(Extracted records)
Start of Block
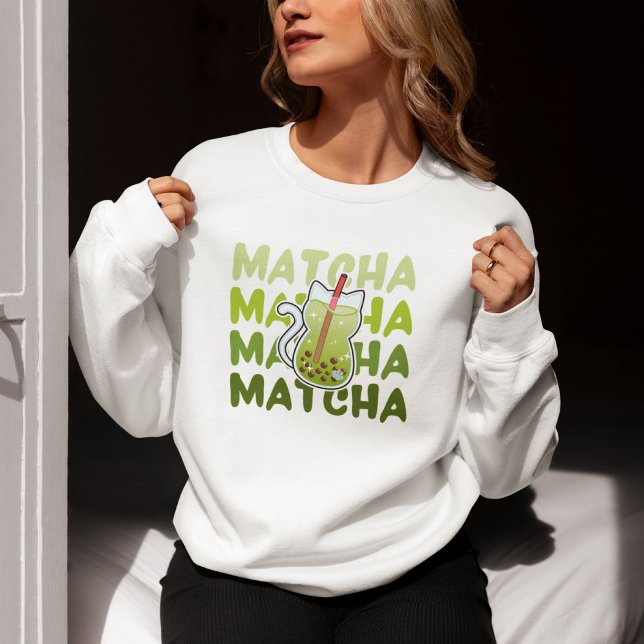 Sweatshirt Thé à bulle Matcha (Créateur téléchargé)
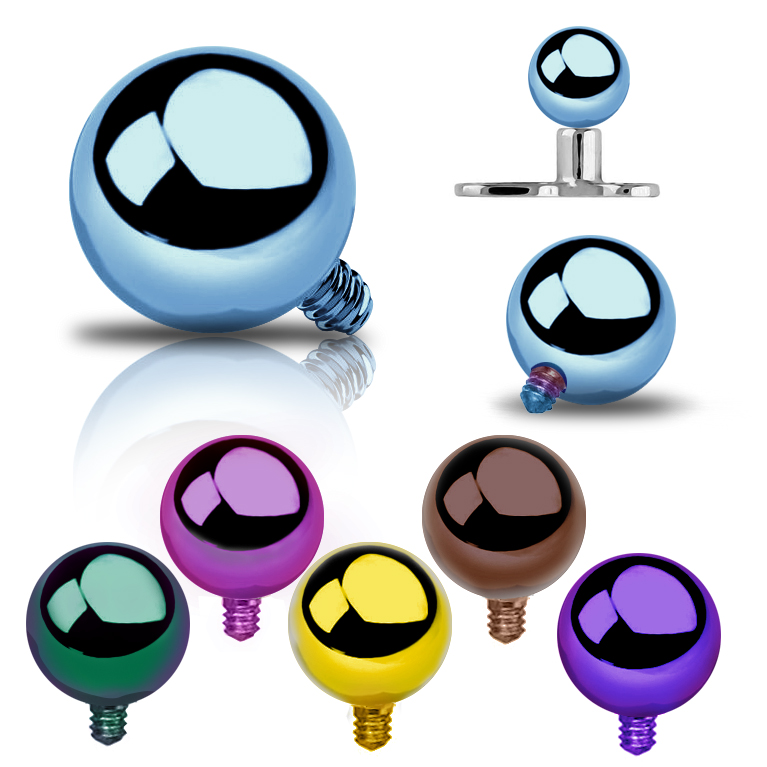 钛合金内牙球舌钉肚脐钉乳钉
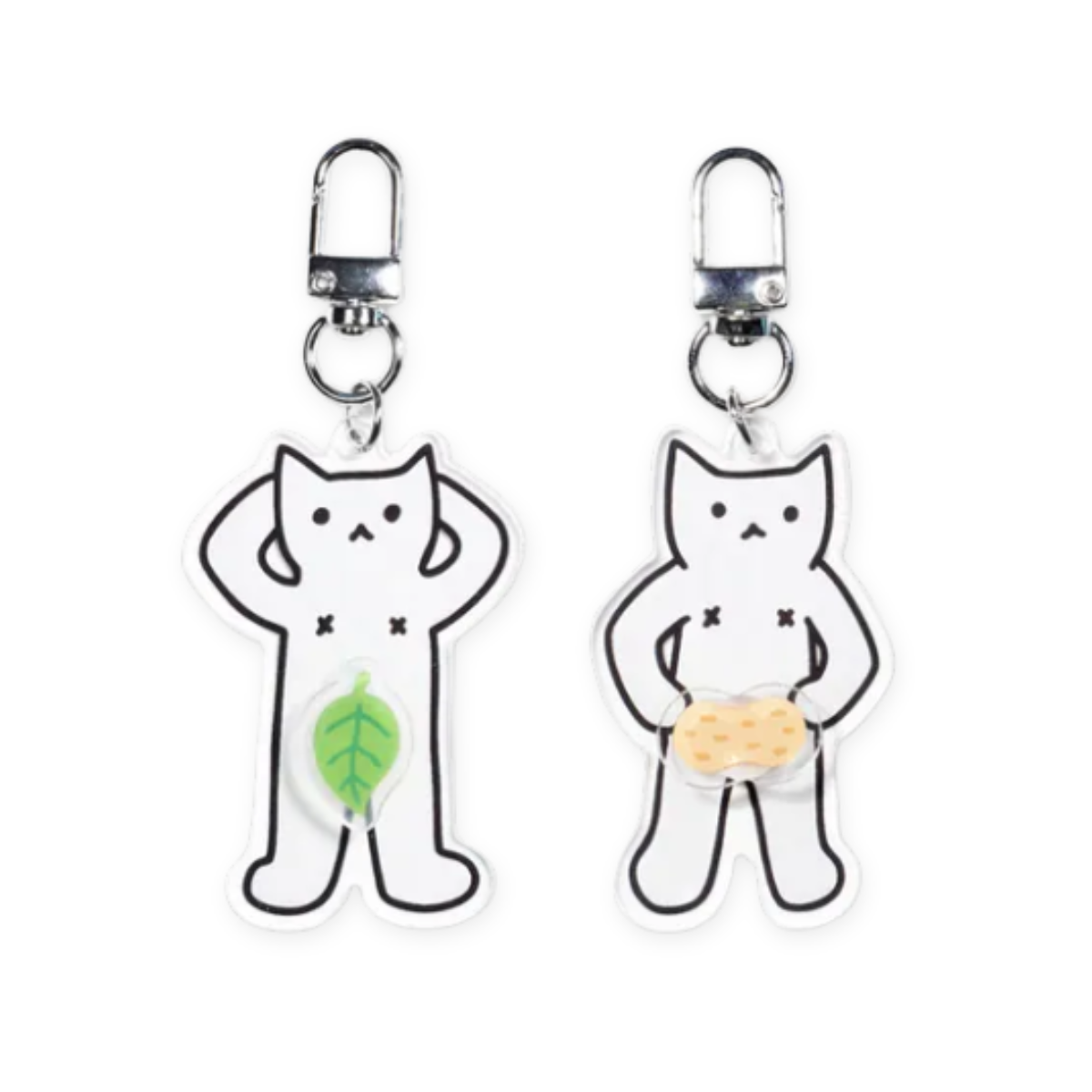 Sammyo store 旋轉鑰匙圈 / 自信貓 / 兩款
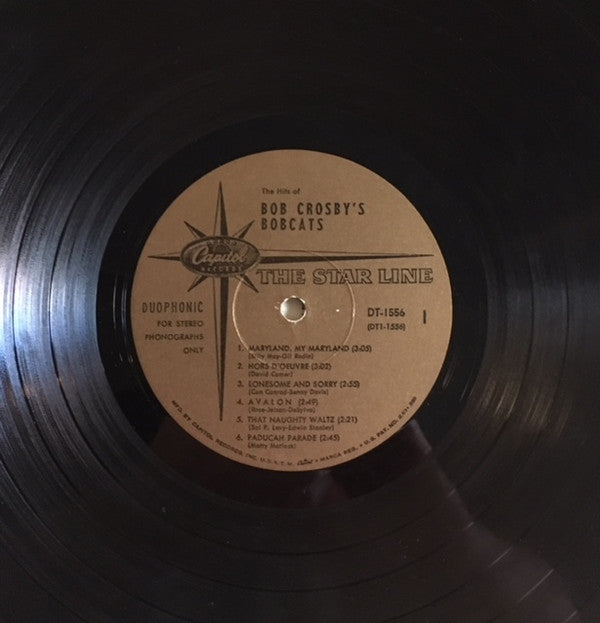 Bob Crosby And The Bob Cats - The Hits Of Bob Crosby's Bobcats (Vinyl, LP, Album) Very Good (VG) / Very Good (VG)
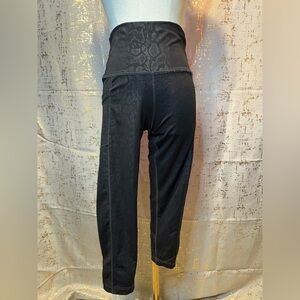 Black Patterned Pants
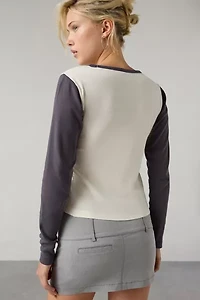 Spoil Me Graphic Raglan Long Sleeve Tee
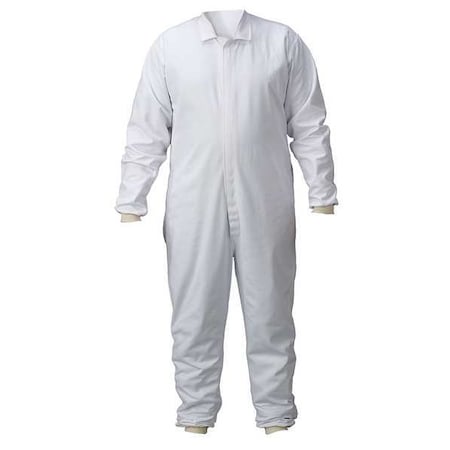 Lab Coverall, Cotton, 7.5 oz Fabric Weight, 29 in Inseam, White, 24x44 MPN:PBLC314-2444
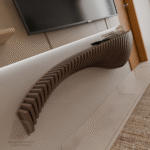 wavy floating tv unit m3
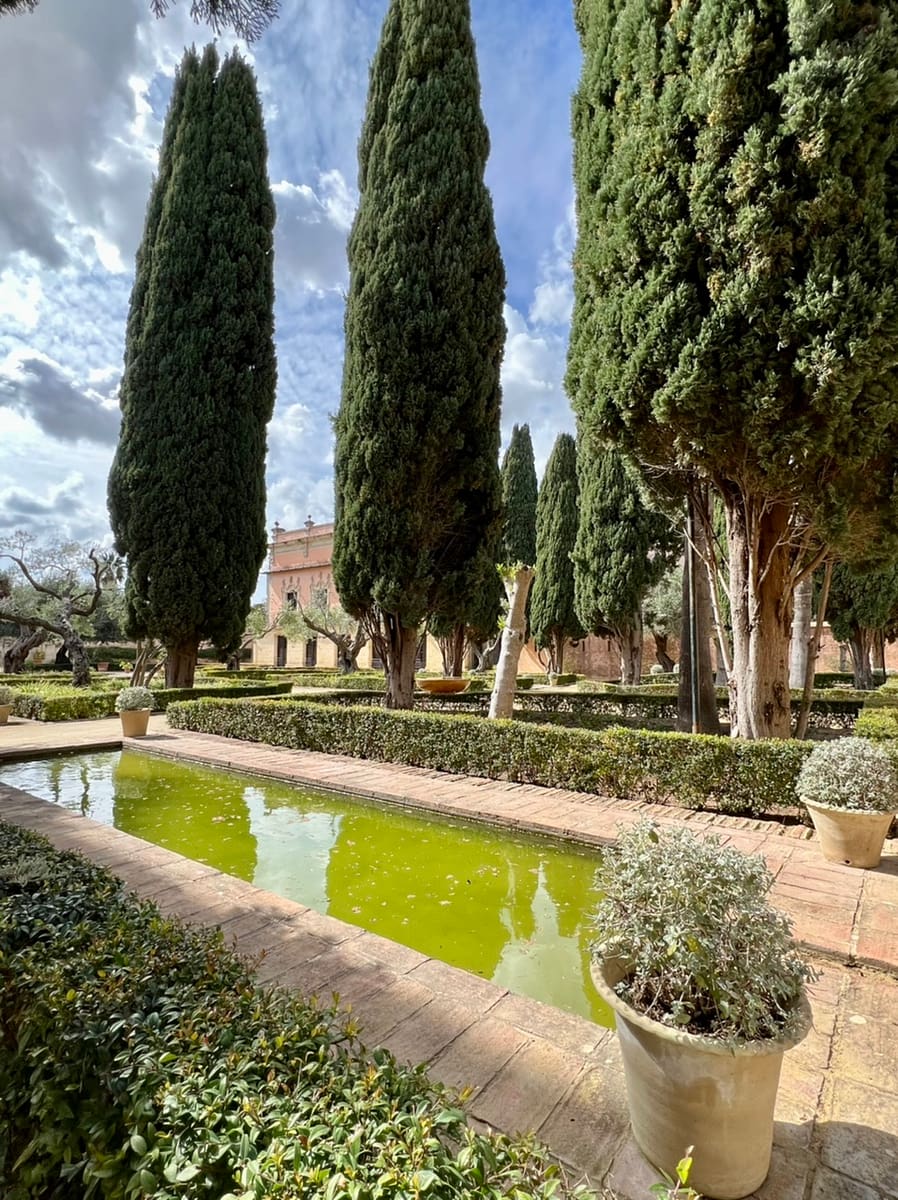 The Courtyard at the Jerez Alcazar - a good place to stop while on a day trip from Seville
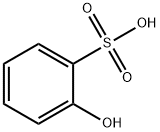 o-hydroxybenzenesulphonic acid 구조식 이미지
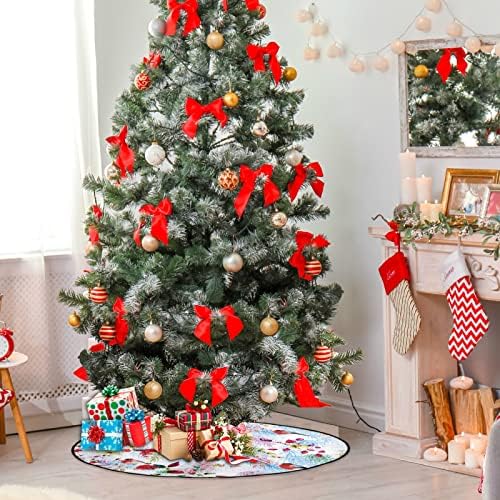 עץ חג המולד של Visesunny מחצלת אשוח ענף עץ חג המולד עץ חג המולד ועץ עץ שוורים עמד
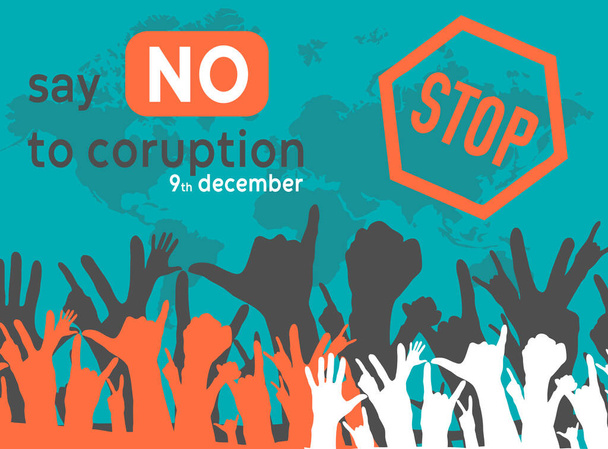 Anty korupcja dzień plakat szablon baner - Zdjęcie, obraz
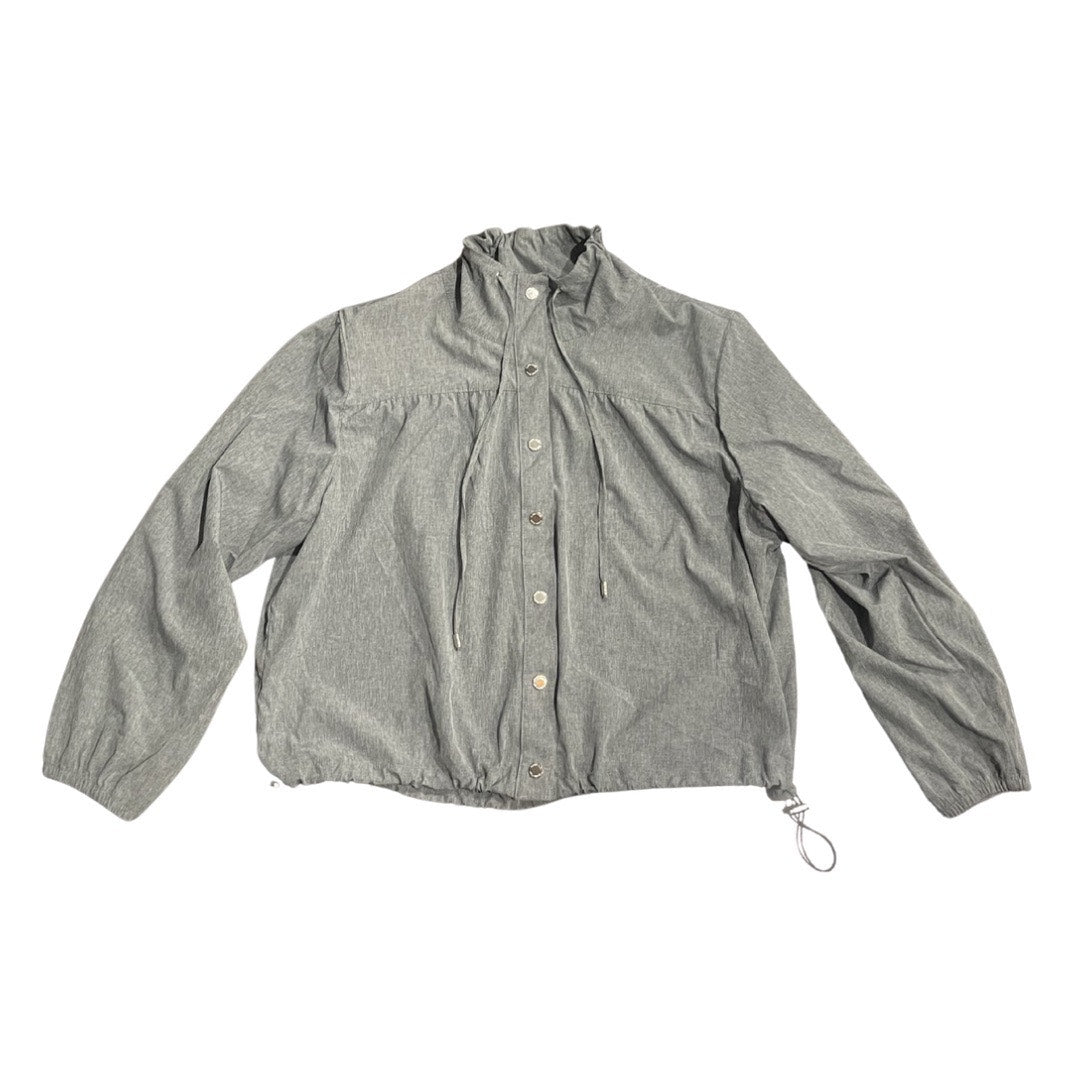 Calvin Klein Lightweight Windbreaker Button Drawstring Jacket Athletic Chic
End of Block
# What is being asked
Reproduce all entries exactly. Pictures do not belong in the copy.

# Written answer
 Sweatshirt Thé à bulle Matcha (Créateur téléchargé)
 钛合金内牙球舌钉肚脐钉乳钉
 Sammyo store 旋轉鑰匙圈 / 自信貓 / 兩款
 Bob Crosby And The Bob Cats - The Hits Of Bob Crosby's Bobcats (Vinyl, LP, Album) Very Good (VG) / Very Good (VG)
 Black Patterned Pants
 Spoil Me Graphic Raglan Long Sleeve Tee
 Lab Coverall, Cotton, 7.5 oz Fabric Weight, 29 in Inseam, White, 24x44 MPN:PBLC314-2444
 wavy floating tv unit m3
 The Courtyard at the Jerez Alcazar - a good place to stop while on a day trip from Seville
 o-hydroxybenzenesulphonic acid 구조식 이미지
 עץ חג המולד של Visesunny מחצלת אשוח ענף עץ חג המולד עץ חג המולד ועץ עץ שוורים עמד
 Anty korupcja dzień plakat szablon baner - Zdjęcie, obraz
 Calvin Klein Lightweight Windbreaker Button Drawstring Jacket Athletic Chic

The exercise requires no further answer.